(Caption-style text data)
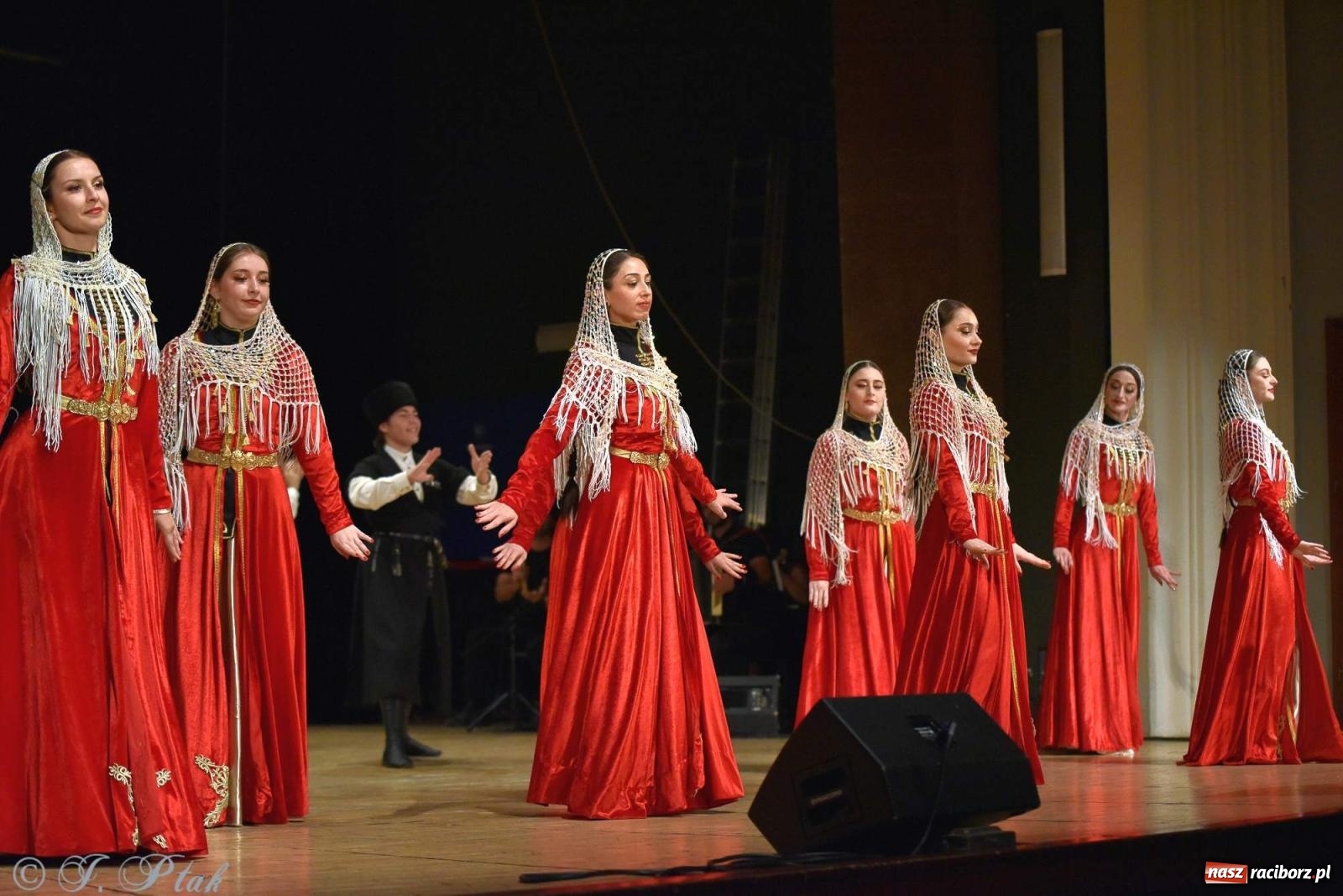 Zdjęcie w galerii na portalu naszraciborz.pl: Śląskie bez granic. Folklor z całego świata zagościł w Raciborzu [FOTO i WIDEO] wiadomości z regionu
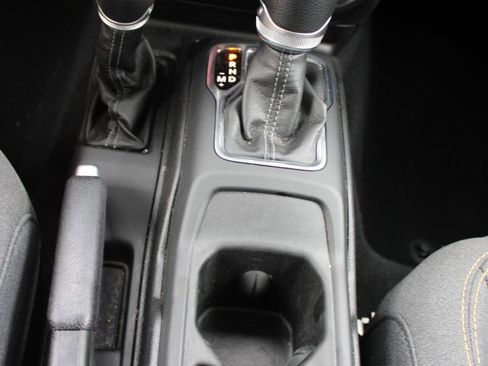 Used 2025 Jeep Wrangler Unlimited Sport AWD/4WD image 24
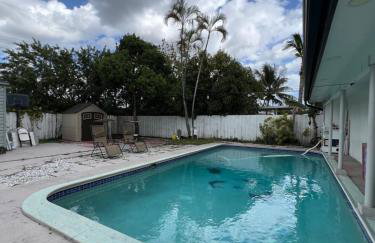 AMIRI Hollywood 5 mins from Hard Rock Stadium & The Guitar - Foto 25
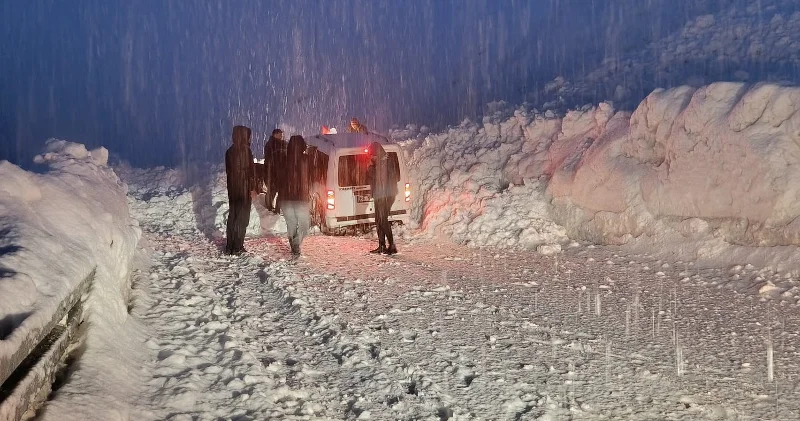Hakkari Van karayolunda çığ paniği: Beş araç kurtarıldı Hakkâri Haberleri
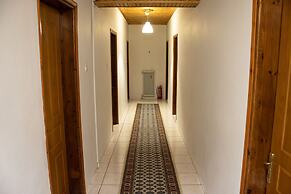 Hotel Defkalion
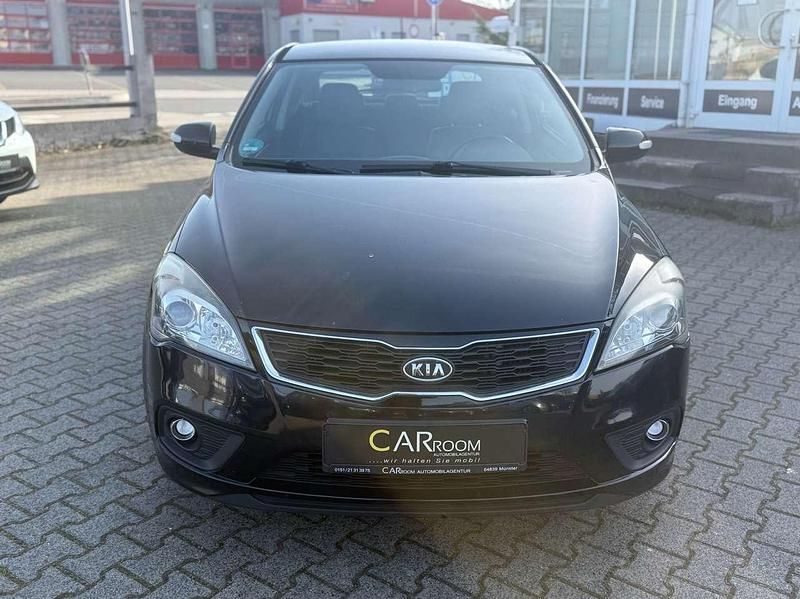 Gebraucht Kia Ceed GT Edition 7 116 PS (85 kW) 2012 Black pearl Kleinwagen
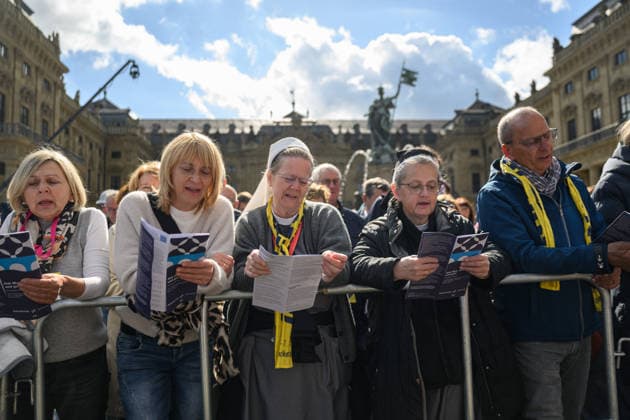 Mit einem Schlussgottesdienst ging am Sonntag (17.05.2026) auf dem Residenzplatz der 104. Deutsche Katholikentag in Wuerzburg zu Ende. Zehntausende Teilnehmerinnen und Teilnehmer haben das Christentreffen seit Mittwochabend besucht. Neben innerkirchlichen Themen wie dem Missbrauchsskandal wurde das Laientreffen von Debatten zu weltweiten Kriegen, zum Klimawandel und zur Rolle der Kirche gepraegt. (Siehe epd-Meldung vom 17.05.2026) EDITORIAL USE ONLY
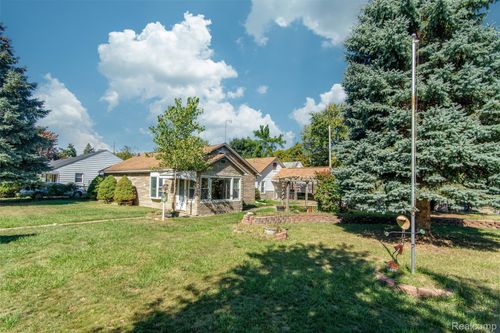 3617 Churchill Ave, Flint, MI, 48506-4737 | Card Image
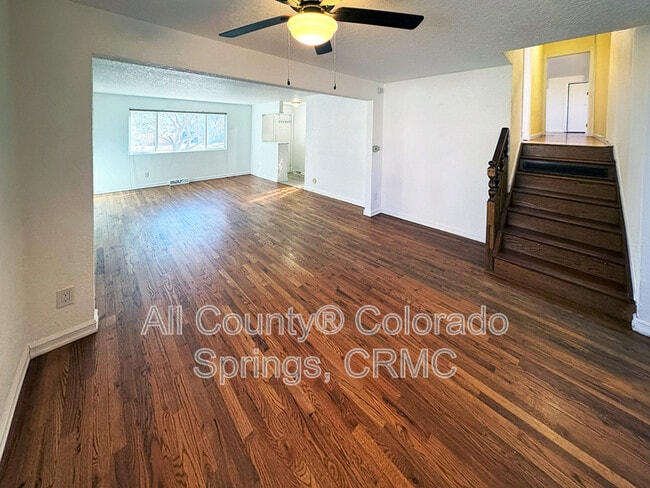 Building Photo - 923 Ellston St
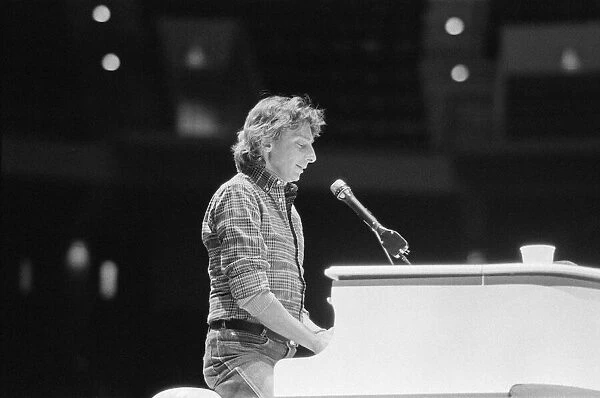 Barry Manilow in rehearsals for his concert at Hartford Civic Center, Hartford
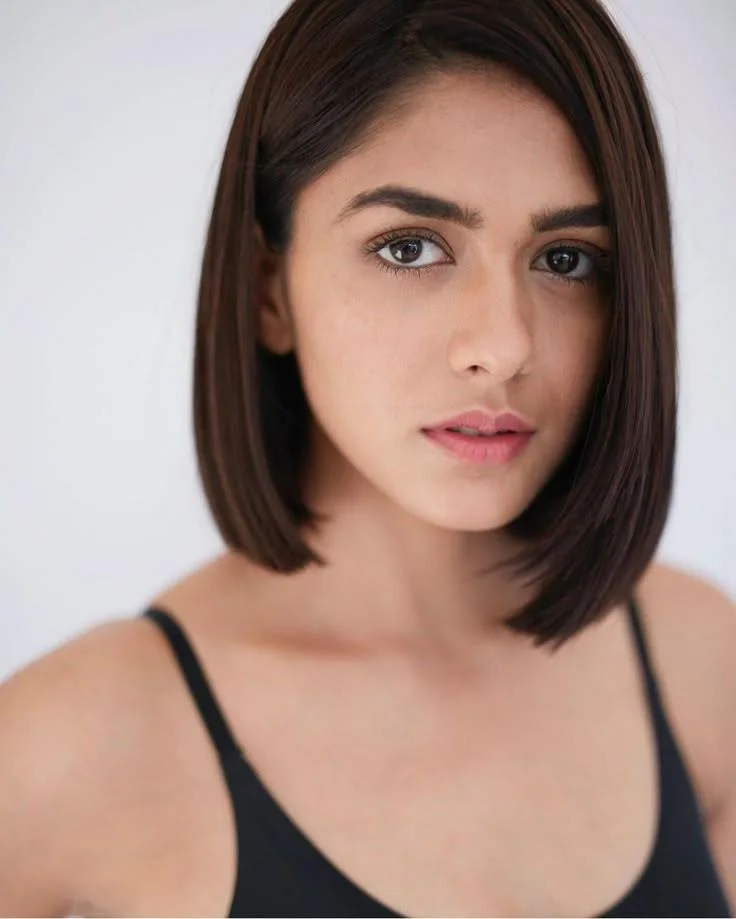 Mrunal Thakur Natural Glam in Close-Up Shot Hd Pic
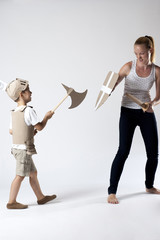 Naklejka premium medieval knight child with mother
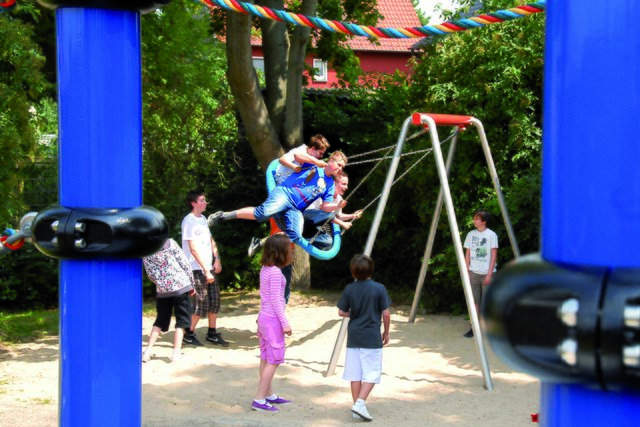 Die Kinder hatten derweil die Spielgeräte an der Bremmenstraße in Wickede längst für sich erobert...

To do
Every entry should be returned exactly as written, minus the pictures.

Solution to this task
 Zdjęcie w galerii na portalu naszraciborz.pl: Śląskie bez granic. Folklor z całego świata zagościł w Raciborzu [FOTO i WIDEO] wiadomości z regionu
 Used 2025 Jeep Wrangler Unlimited Sport AWD/4WD image 24
 AMIRI Hollywood 5 mins from Hard Rock Stadium & The Guitar - Foto 25
Hakkari Van karayolunda çığ paniği: Beş araç kurtarıldı Hakkâri Haberleri
 Hotel Defkalion
 Gebraucht Kia Ceed GT Edition 7 116 PS (85 kW) 2012 Black pearl Kleinwagen
 Mit einem Schlussgottesdienst ging am Sonntag (17.05.2026) auf dem Residenzplatz der 104. Deutsche Katholikentag in Wuerzburg zu Ende. Zehntausende Teilnehmerinnen und Teilnehmer haben das Christentreffen seit Mittwochabend besucht. Neben innerkirchlichen Themen wie dem Missbrauchsskandal wurde das Laientreffen von Debatten zu weltweiten Kriegen, zum Klimawandel und zur Rolle der Kirche gepraegt. (Siehe epd-Meldung vom 17.05.2026) EDITORIAL USE ONLY
 3617 Churchill Ave, Flint, MI, 48506-4737 | Card Image
 Building Photo - 923 Ellston St
 Barry Manilow in rehearsals for his concert at Hartford Civic Center, Hartford
 Mrunal Thakur Natural Glam in Close-Up Shot Hd Pic
 Naklejka premium medieval knight child with mother
 Die Kinder hatten derweil die Spielgeräte an der Bremmenstraße in Wickede längst für sich erobert...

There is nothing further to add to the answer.